- [TASK BRIEF]: Transcribe the entire listing, keeping each word as it is.

- [EXERCISE DATA]:
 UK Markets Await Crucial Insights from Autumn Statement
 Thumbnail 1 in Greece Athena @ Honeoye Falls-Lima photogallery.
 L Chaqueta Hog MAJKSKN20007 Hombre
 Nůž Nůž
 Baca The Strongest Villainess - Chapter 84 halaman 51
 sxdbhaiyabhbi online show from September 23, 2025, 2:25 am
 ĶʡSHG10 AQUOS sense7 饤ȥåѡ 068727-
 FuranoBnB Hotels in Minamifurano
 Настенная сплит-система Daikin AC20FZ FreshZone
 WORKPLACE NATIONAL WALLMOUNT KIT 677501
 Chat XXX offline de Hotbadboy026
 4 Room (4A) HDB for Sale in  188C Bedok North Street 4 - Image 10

- [OUTPUT]:
 UK Markets Await Crucial Insights from Autumn Statement
 Thumbnail 1 in Greece Athena @ Honeoye Falls-Lima photogallery.
 L Chaqueta Hog MAJKSKN20007 Hombre
 Nůž Nůž
 Baca The Strongest Villainess - Chapter 84 halaman 51
 sxdbhaiyabhbi online show from September 23, 2025, 2:25 am
 ĶʡSHG10 AQUOS sense7 饤ȥåѡ 068727-
 FuranoBnB Hotels in Minamifurano
 Настенная сплит-система Daikin AC20FZ FreshZone
 WORKPLACE NATIONAL WALLMOUNT KIT 677501
 Chat XXX offline de Hotbadboy026
 4 Room (4A) HDB for Sale in  188C Bedok North Street 4 - Image 10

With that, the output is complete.